To address these limitations, we developed CT-ADE, a comprehensive dataset that uniquely integrates five features not collectively available in existing resources: i) Patient data, encompassing information such as demographics, pathologies, and allergies, enabling the study of population-specific ADE risks; ii) Treatment regimen data, detailing information such as dosage, route, duration, and frequency of administration to improve regimen-specific predictions; iii) Complete enumeration (census) of ADE outcomes, systematically capturing all positive and negative cases within the study population, unlike voluntary reporting systems; iv) Controlled monotherapy data, derived from clinician-controlled trials that ensure strict adherence to treatment regimens while eliminating the confounding effects of polypharmacy; and v) Comparative analysis opportunities, allowing the study of identical drugs under varying conditions, such as patient demographics or treatment regimens. To the best of our knowledge, and as highlighted in a recent review, CT-ADE is the first benchmark dataset to consider patient, drug, and treatment regimen data collectively.
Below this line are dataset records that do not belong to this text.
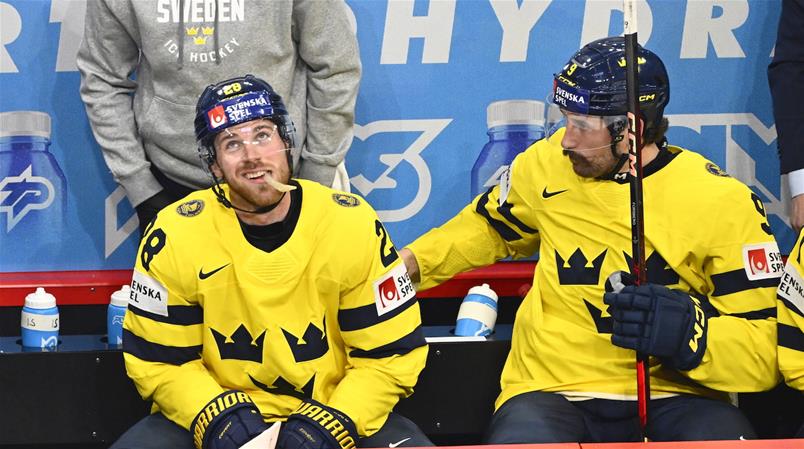 Elias Lindholm (à gauche) a signé un triplé contre la Slovénie.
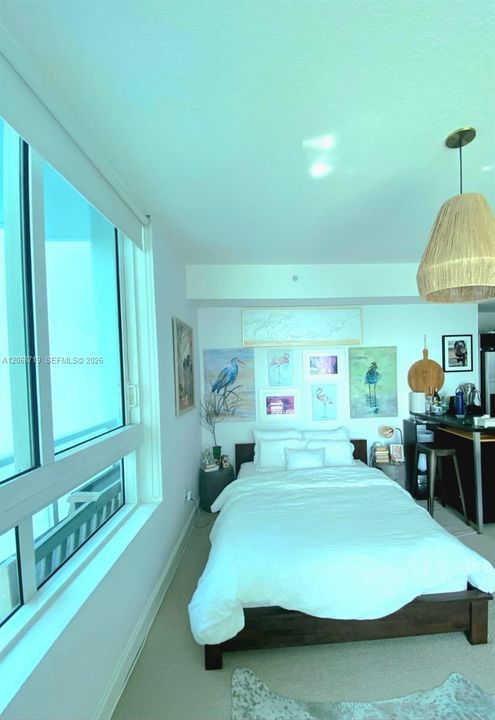 Active With Contract: $2,450 (0 beds, 1 baths, 594 Square Feet)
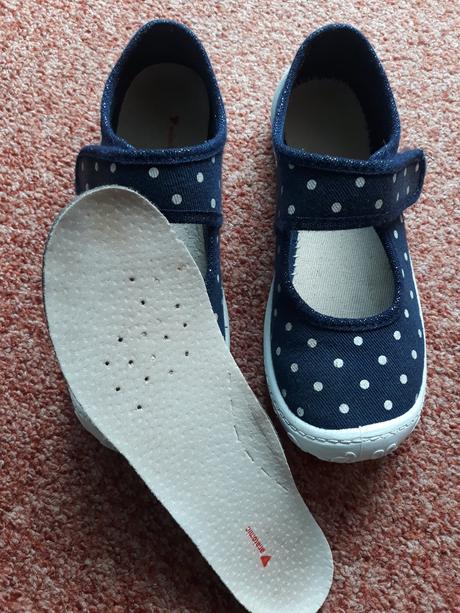 Dívčí tenisky, 32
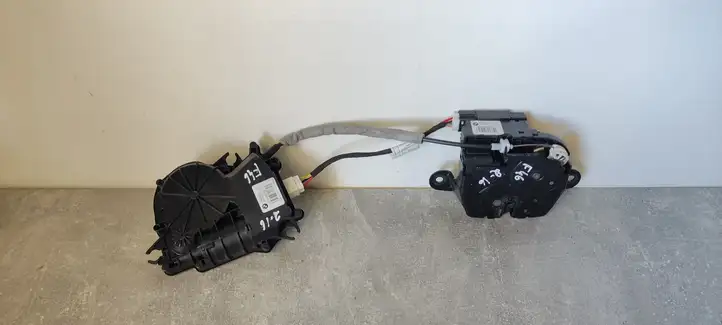 BMW 2 F46 (2015 - ) 7348531 Замок багажника — фото 4
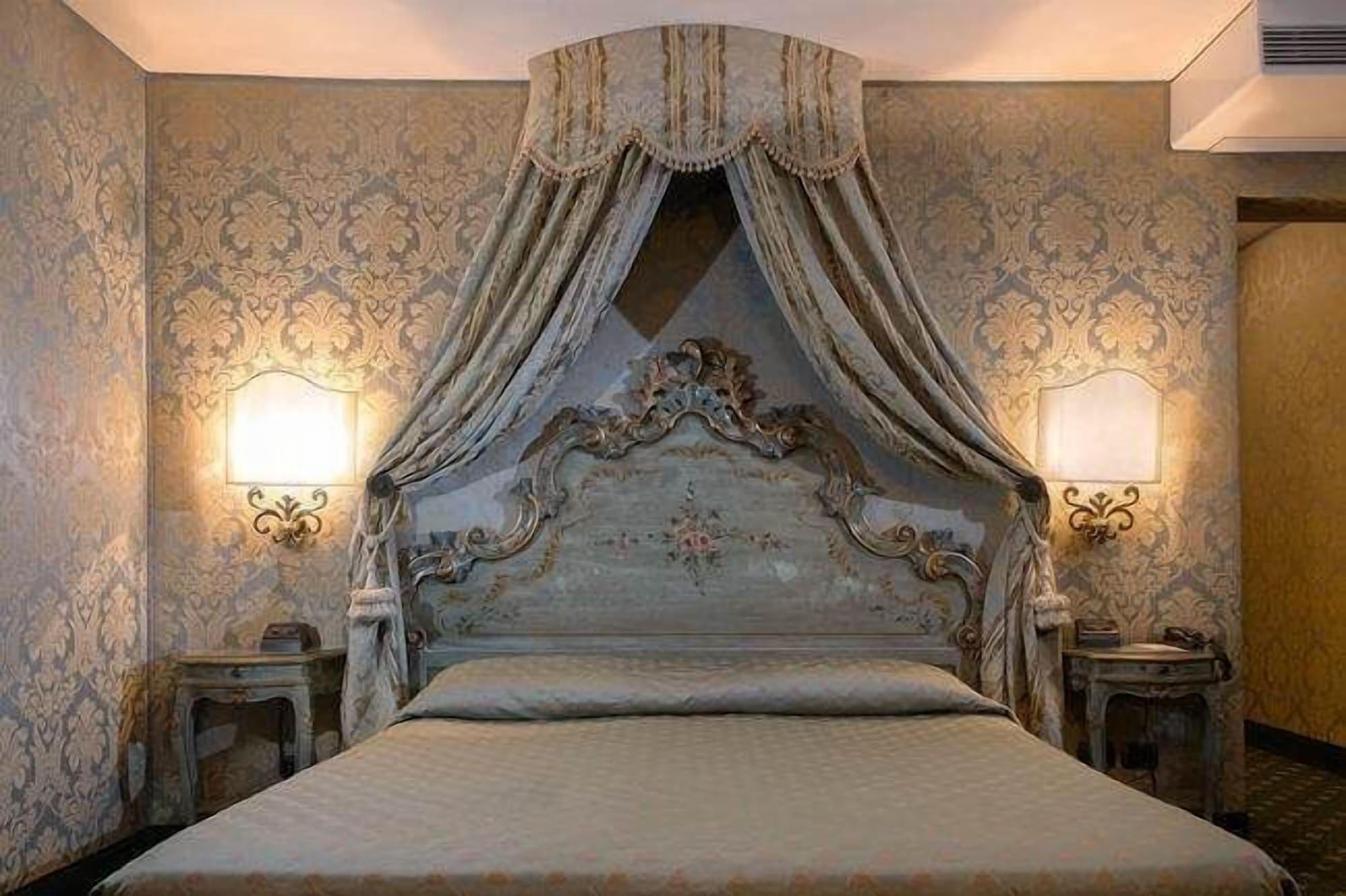 Ca Rialto Hotel Venice Luaran gambar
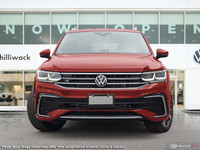 This Volkswagen Tiguan boasts a Intercooled Turbo Regular Unleaded I-4 2.0 L/121 engine powering thi... (image 1)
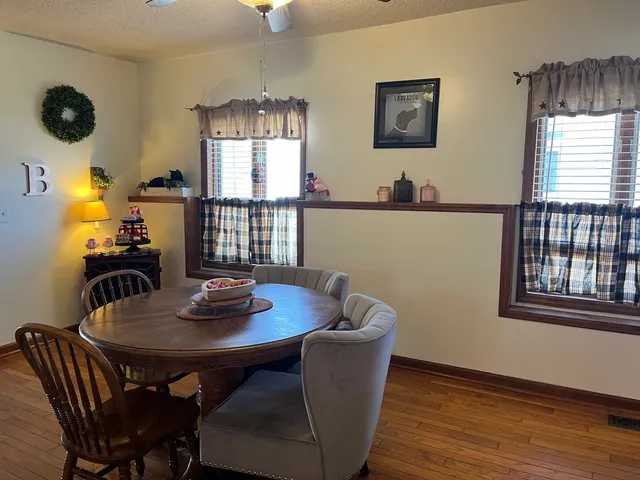 $209,900 | 1021 Webster Street, Ottawa, IL 61350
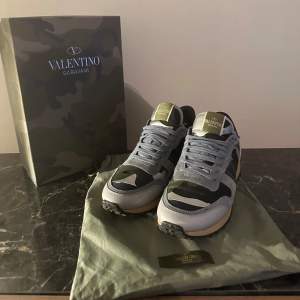 Valentino Rockrunners | Skick 8/10 | Nypris 6300kr, vårat pris endast 1899kr | Storlek 41 | Box och dustbag medföljer vid köp! | Svarar gärna på era frågor och funderingar!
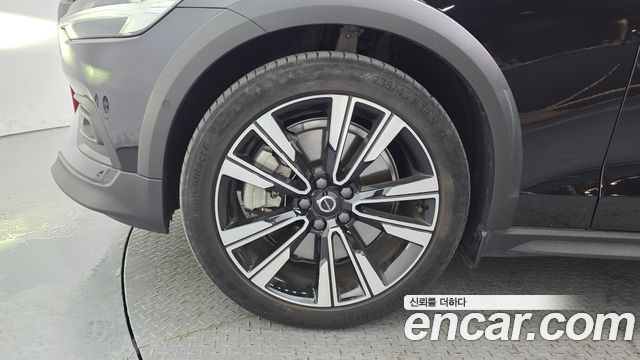 Volvo V60 Cross Country (II) B5 Ultra AWD 2025 — фото 5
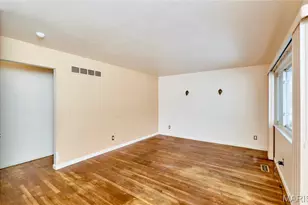 9736 Tullamoor Dr, Saint Louis, MO 63136 - Photo 3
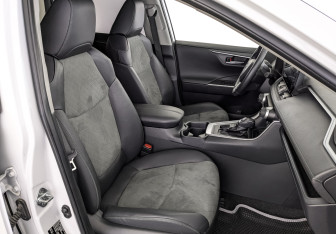 Подержанный автомобиль Toyota RAV4 2024 года (24 фото)
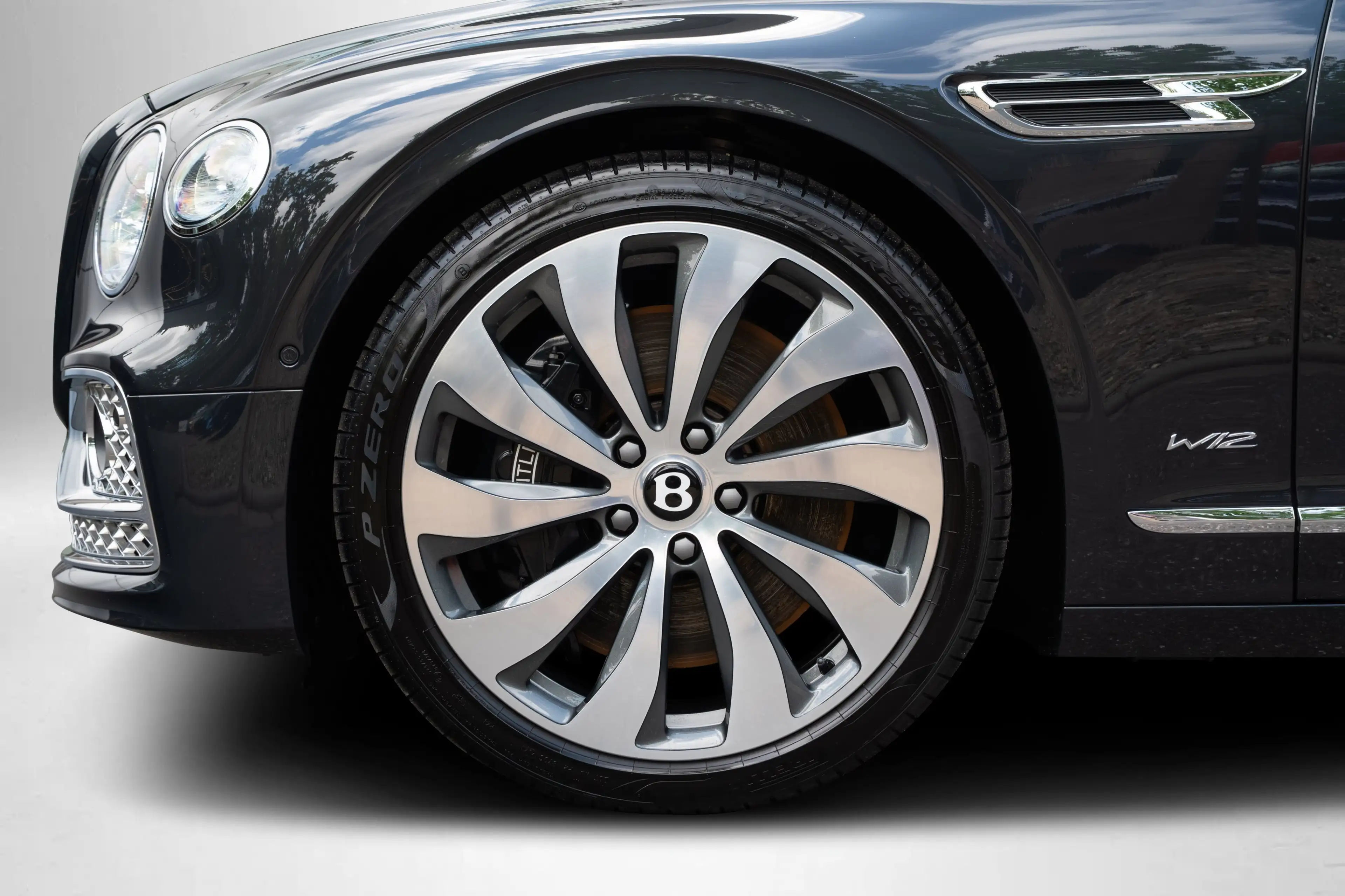 Bentley Flying Spur W12 Mulliner Driving Spec — photo 10
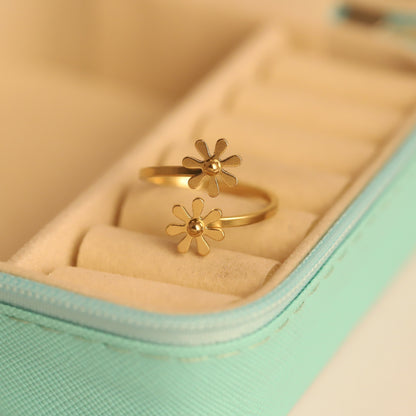 Dainty Gold Daisy Flower Ring - Adjustable Floral Jewelry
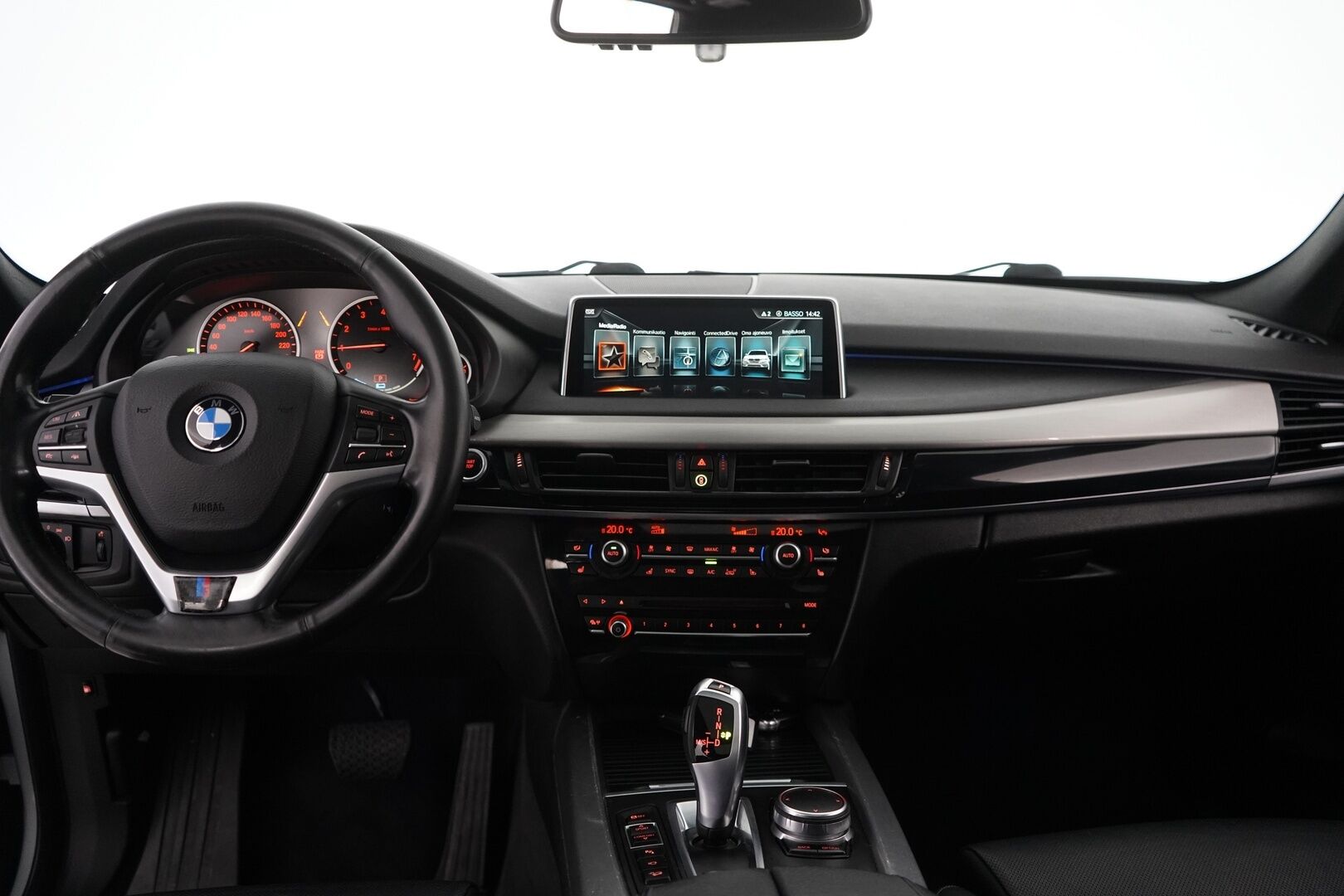 BMW X5 2017 xDrive 40e iPerformance F15 *YritysOutlet - Myydään vain yrityksille* - ACC / Ilmastoidut penkit / Lasikatto / Harman Kardon / Kahdet renkaat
CT-ADE was compiled from CT results available through ClinicalTrials.gov (https://clinicaltrials.gov/), offering a rich resource for advancing risk assessment in pharmaceutical research and development. The dataset is structured to support a classification task, focusing on analyzing study groups within CTs that adhere to monopharmacy, i.e., the practice of using a single drug for treatment. In the dataset, study groups describing interventions and their respective regimens are enriched with molecular structure information of the drugs being used, linked via DrugBank, PubChem, and ChEMBL. This approach enables a clearer understanding of how individual drugs and regimens can lead to patient-specific ADEs, free from the confounding effects of multiple concurrent medications and lack of census data. CT-ADE is designed as a multilabel classification dataset to reflect that a single drug can cause multiple ADEs. This is achieved by standardizing clinician-reported ADEs from clinical trials, aligning them with the system organ class (SOC) and preferred term (PT) levels of the Medical Dictionary for Regulatory Activities (MedDRA) (https://www.meddra.org/). The dataset encompasses up to 2,497 unique drugs and 168,984 drug-ADE pairs, providing an extensive resource for predictive modeling. CT-ADE comprehensively covers all system organ classes and drug pharmacological groups, offering a robust foundation for ADE prediction and enabling its application across diverse therapeutic areas and drug classes.